━━━━━ GIVEN DATA

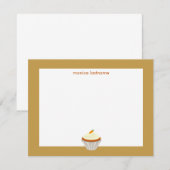 Carrot Cake Cupcake, gepersonaliseerd Flat Notecar Notitiekaartje (Voorkant / Achterkant)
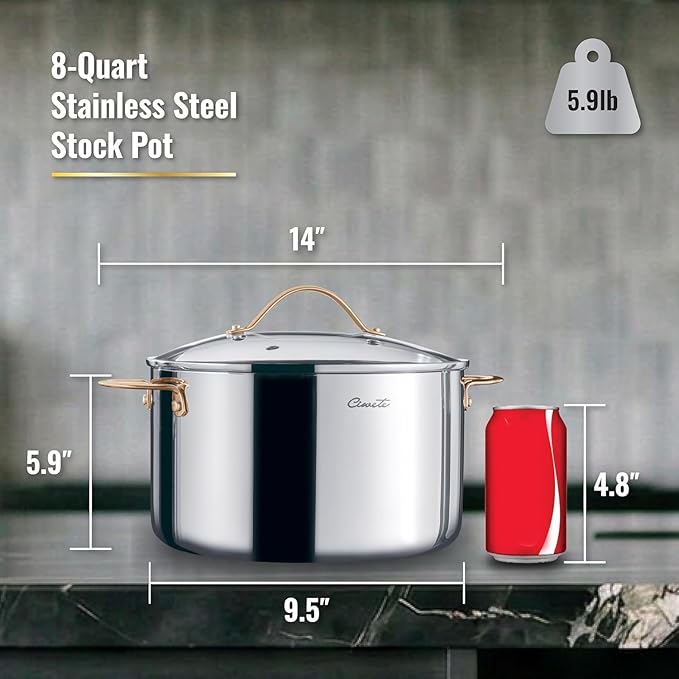 Ciwete 8 Quart Stock Pot, 3 Ply Whole Clad Stainless Steel Stock Pot, 8 QT Cooking Pot with Lid, Induction Pot for Cooking, 18/10 Stainless Steel Cookware Stockpots Oven, Gas and Dishwasher Safe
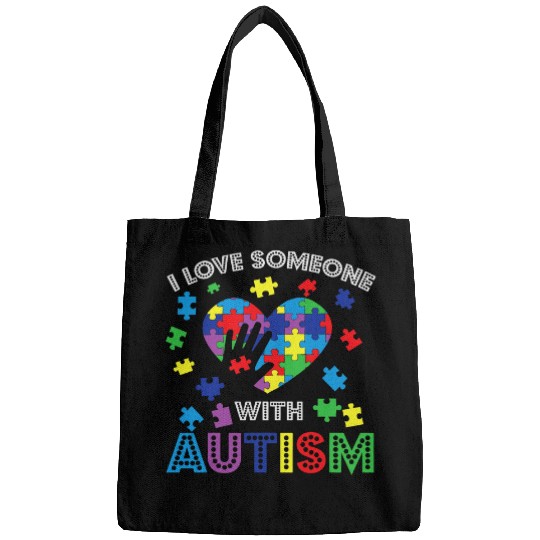 Autism Puzzle I Love Someone with Autism Puzzle 2ADHD Bags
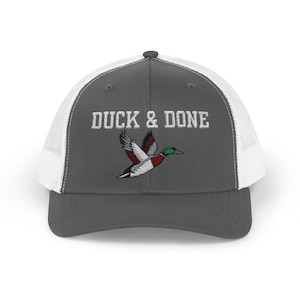 Duck & Done Snapback Trucker Cap, Mallard Duck Hunting Hat For Men, Funny Hunting Gift for Dad, Husband, Boyfriend | Adjustable Wildlife Cap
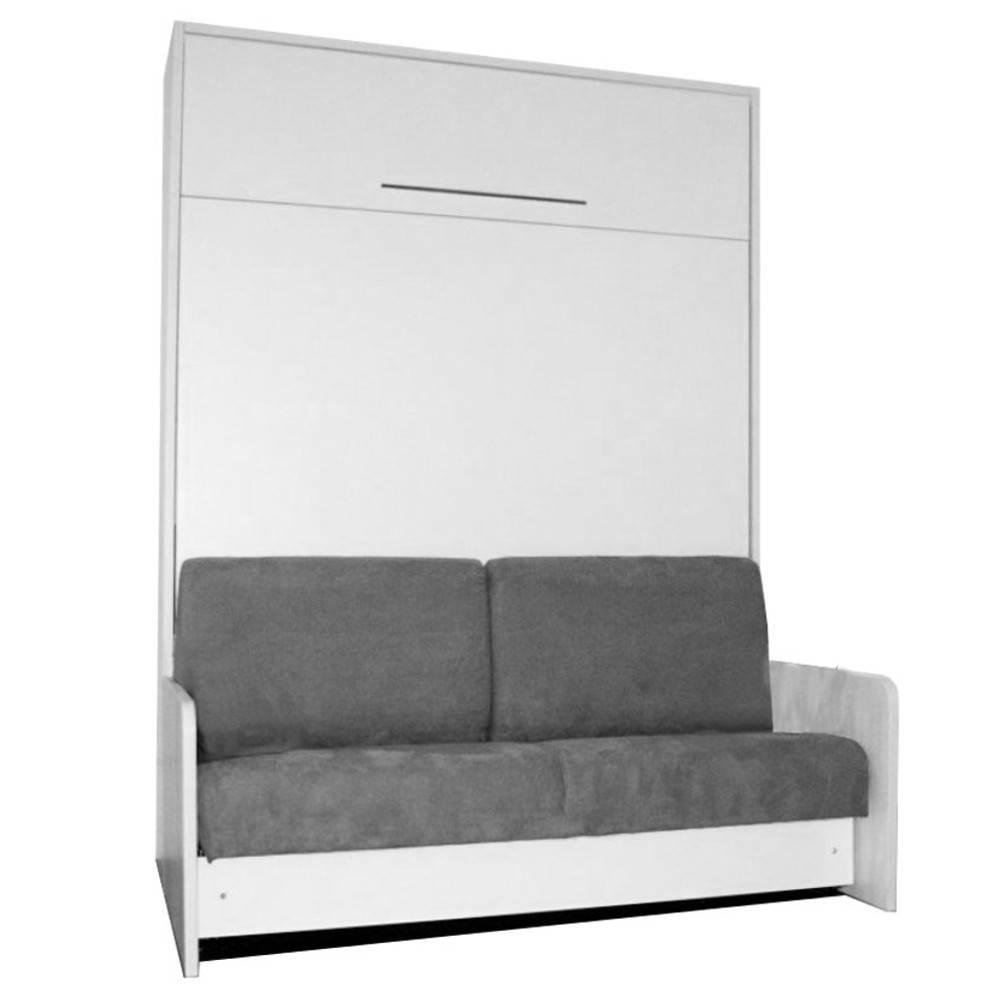 SPACE SOFA FAST armoire lit escamotable 140 cm blanche avec canapé microfibre grise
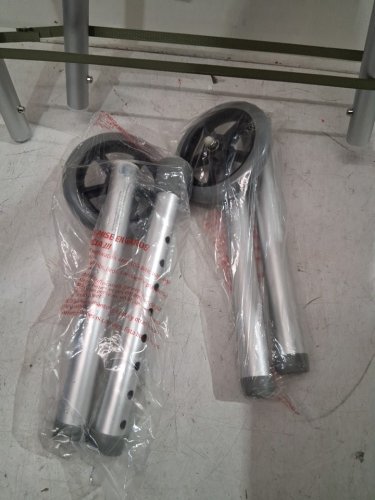 MEDLINE 2 BUTTON FOLDING WALKER 5'' WHEELS 300LB WEIGHT CAPACITY (MODEL:MDS86410W54H) image 4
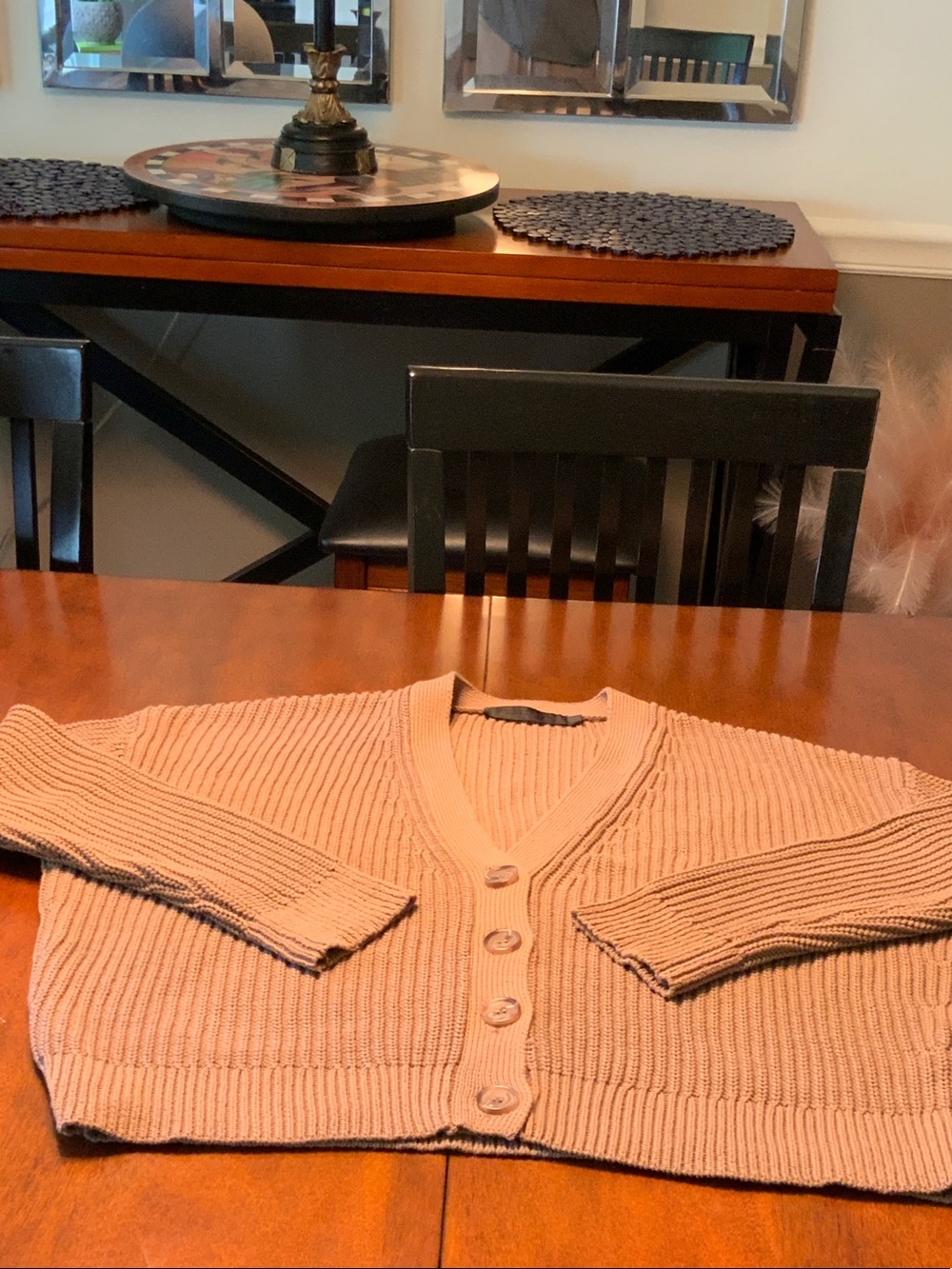 Jenni Kayne Ribbed Button-Front Cropped Cardigan - Beige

━━━━━━━━━━

• [EXERCISE DIRECTIONS]:
What you return must match each record exactly and contain no images.

• [YOUR SOLUTION]:
 Carrot Cake Cupcake, gepersonaliseerd Flat Notecar Notitiekaartje (Voorkant / Achterkant)
 Ciwete 8 Quart Stock Pot, 3 Ply Whole Clad Stainless Steel Stock Pot, 8 QT Cooking Pot with Lid, Induction Pot for Cooking, 18/10 Stainless Steel Cookware Stockpots Oven, Gas and Dishwasher Safe
 Autism Puzzle I Love Someone with Autism Puzzle 2ADHD Bags
 Duck & Done Snapback Trucker Cap, Mallard Duck Hunting Hat For Men, Funny Hunting Gift for Dad, Husband, Boyfriend | Adjustable Wildlife Cap
 SPACE SOFA FAST armoire lit escamotable 140 cm blanche avec canapé microfibre grise
 MEDLINE 2 BUTTON FOLDING WALKER 5'' WHEELS 300LB WEIGHT CAPACITY (MODEL:MDS86410W54H) image 4
 Jenni Kayne Ribbed Button-Front Cropped Cardigan - Beige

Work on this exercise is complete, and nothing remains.